• _Data shown_:
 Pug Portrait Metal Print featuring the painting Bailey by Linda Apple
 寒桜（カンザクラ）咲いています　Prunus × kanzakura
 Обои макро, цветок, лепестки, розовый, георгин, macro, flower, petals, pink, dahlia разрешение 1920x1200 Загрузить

--

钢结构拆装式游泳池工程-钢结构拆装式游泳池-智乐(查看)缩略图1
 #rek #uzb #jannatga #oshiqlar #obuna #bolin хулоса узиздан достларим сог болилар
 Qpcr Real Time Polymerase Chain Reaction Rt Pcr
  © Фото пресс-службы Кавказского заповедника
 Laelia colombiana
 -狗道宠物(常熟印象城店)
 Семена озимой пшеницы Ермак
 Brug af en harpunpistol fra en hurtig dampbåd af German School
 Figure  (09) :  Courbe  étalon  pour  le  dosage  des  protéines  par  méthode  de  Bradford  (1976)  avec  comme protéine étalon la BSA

• _Your instructions_:
Copy out only the lines above from the one with "Pug Portrait Metal" to the one with "разрешение 1920x1200 Загрузить", inclusive, exactly as they stand.

• _Result for this exercise_:
 Pug Portrait Metal Print featuring the painting Bailey by Linda Apple
 寒桜（カンザクラ）咲いています　Prunus × kanzakura
 Обои макро, цветок, лепестки, розовый, георгин, macro, flower, petals, pink, dahlia разрешение 1920x1200 Загрузить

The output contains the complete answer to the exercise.